* **ASSIGNMENT**
Please copy the data below exactly; none of the pictures in it belong in the copy.

--- MATERIAL PROVIDED Enclosed Below ---

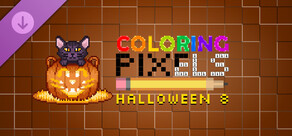 Coloring Pixels - Halloween 8 Pack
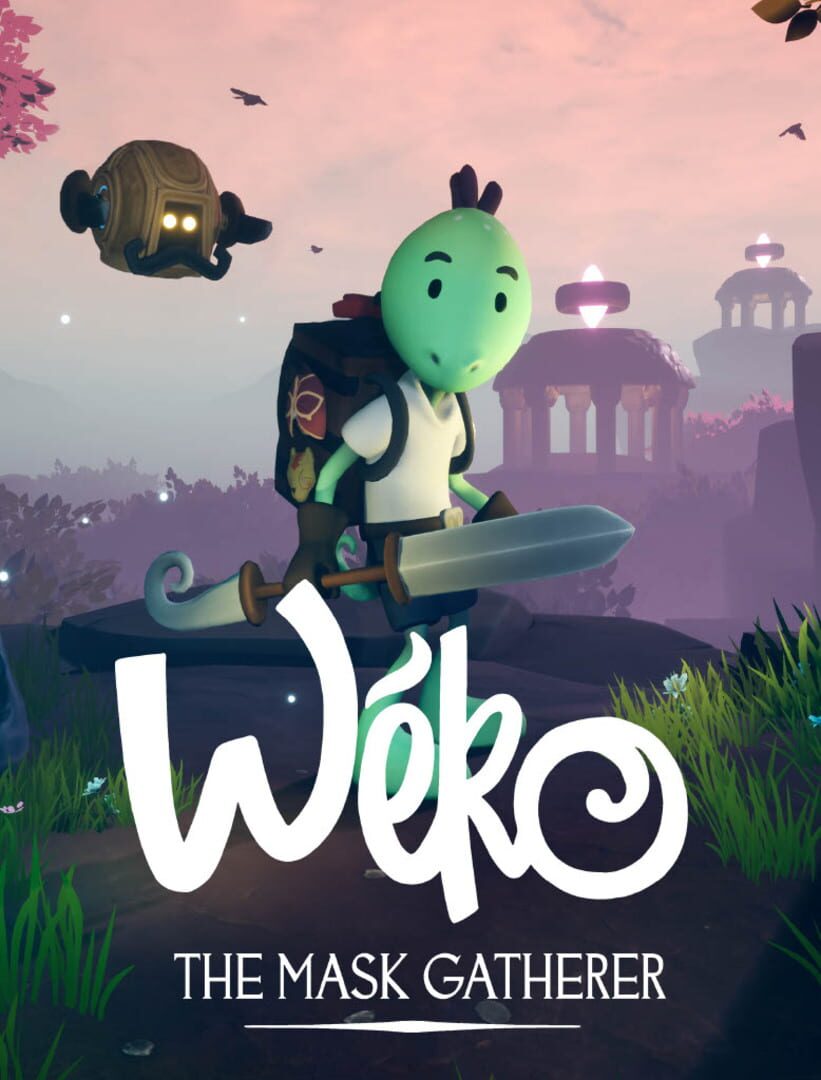 Wéko The Mask Gatherer Kapağı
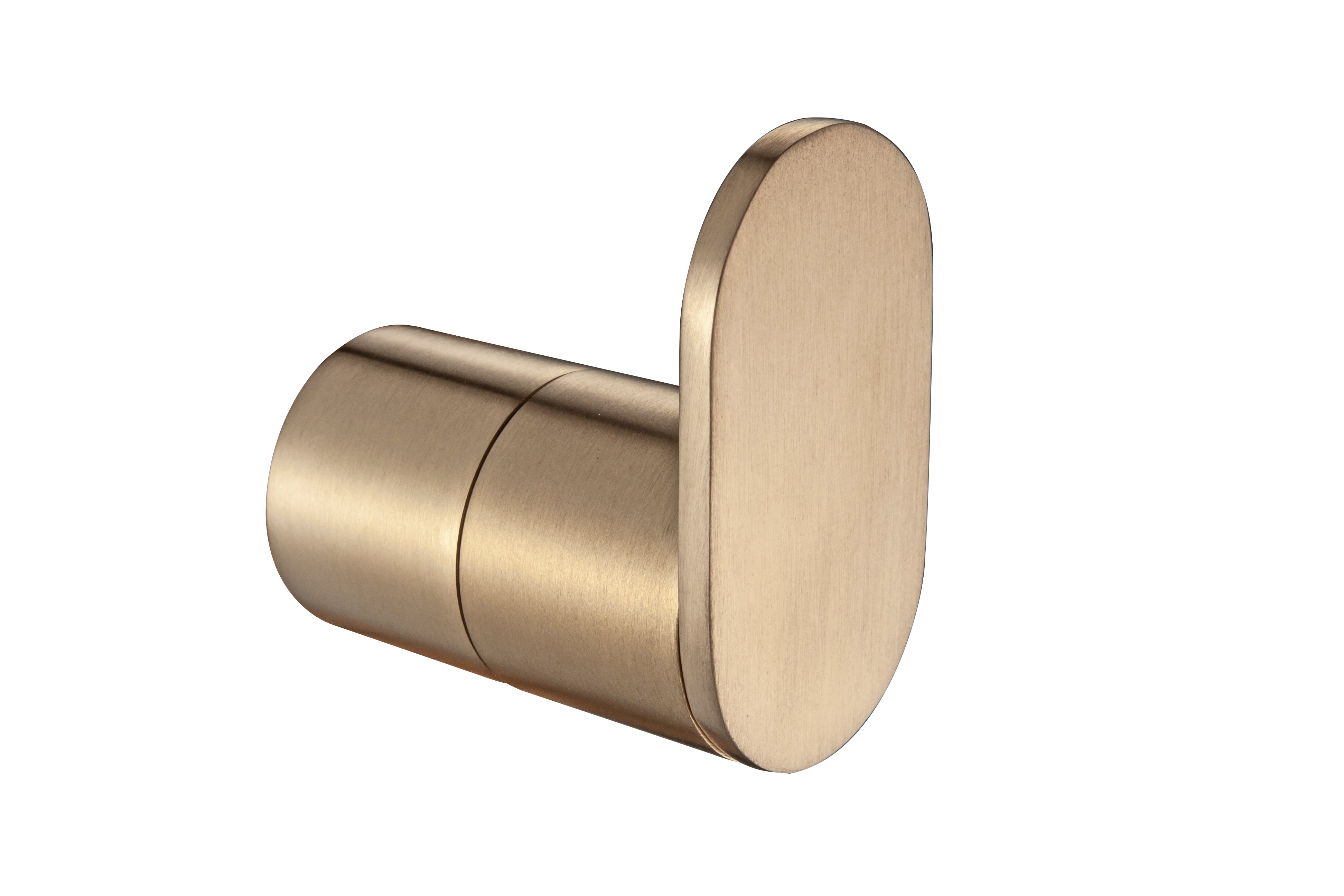 Burleigh Robe Hook - Brushed Brass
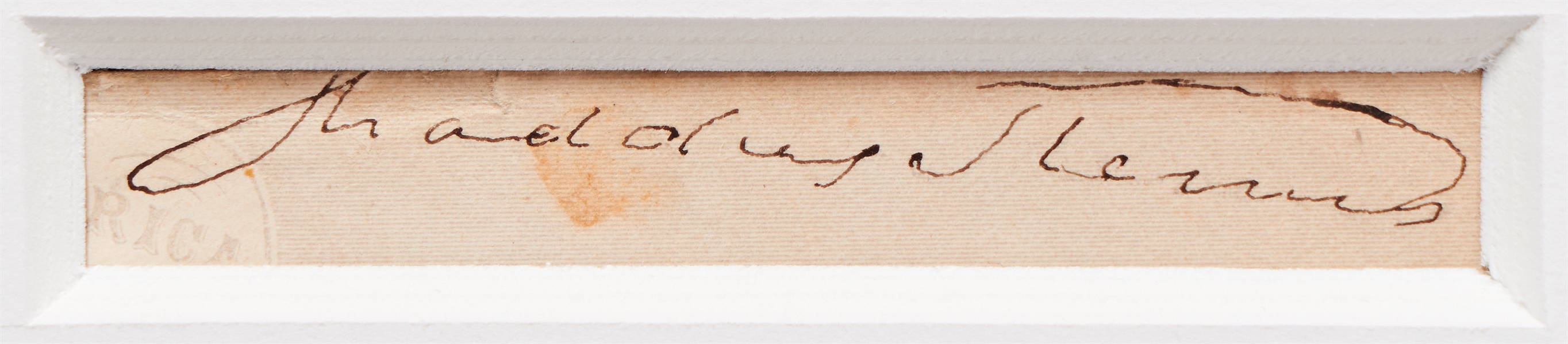 The Impeachment of President Andrew Johnson -- Includes Original Full Impeachment Trial Ticket Plus the Signatures of Johnson & Seven House Prosecutors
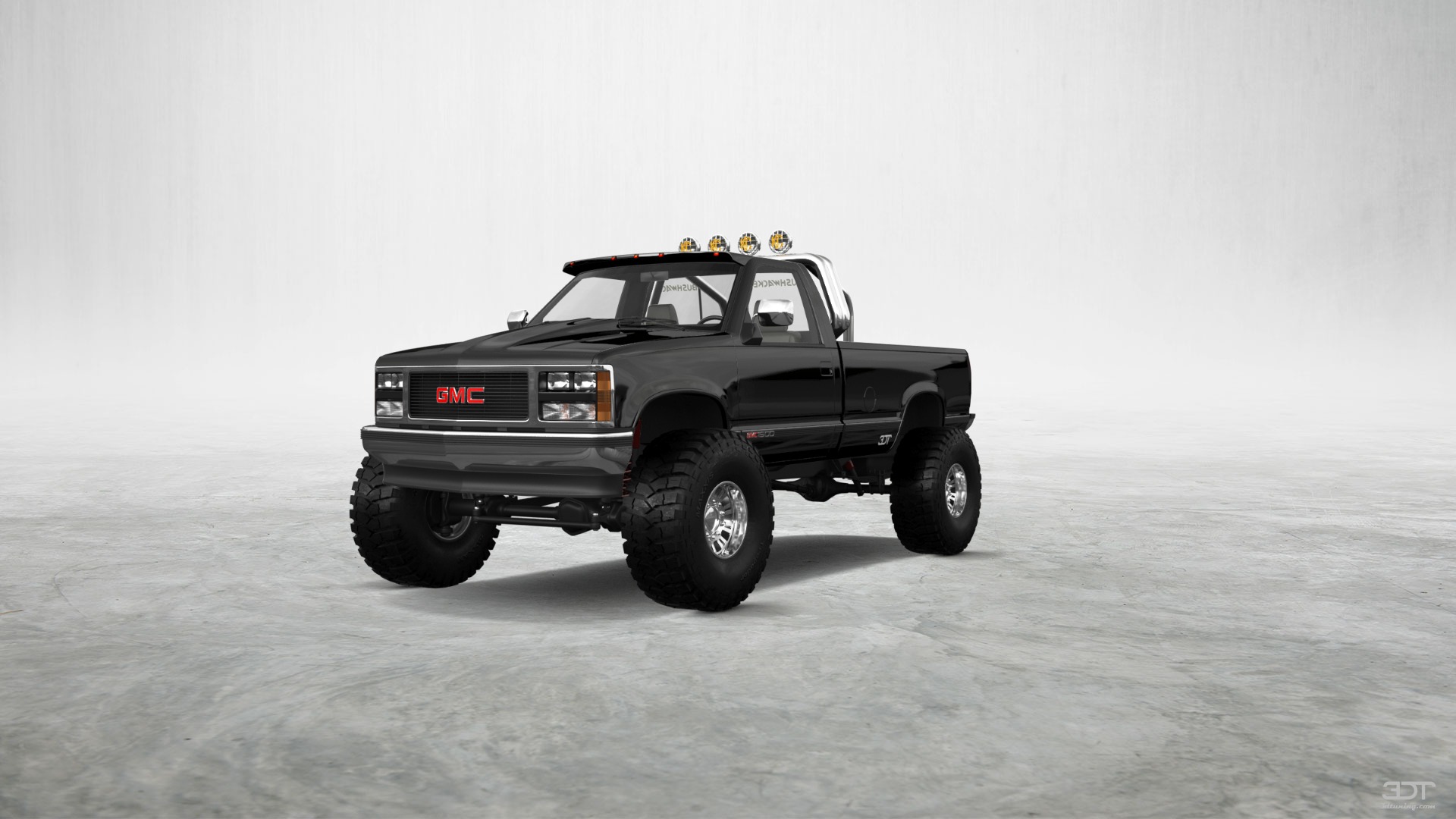 GMC Sierra 1500 2 Door pickup truck 1988 tuning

--- End of Enclosed MATERIAL PROVIDED ---

* **ANSWER AREA**
 Coloring Pixels - Halloween 8 Pack
 Wéko The Mask Gatherer Kapağı
 Burleigh Robe Hook - Brushed Brass
 The Impeachment of President Andrew Johnson -- Includes Original Full Impeachment Trial Ticket Plus the Signatures of Johnson & Seven House Prosecutors
 GMC Sierra 1500 2 Door pickup truck 1988 tuning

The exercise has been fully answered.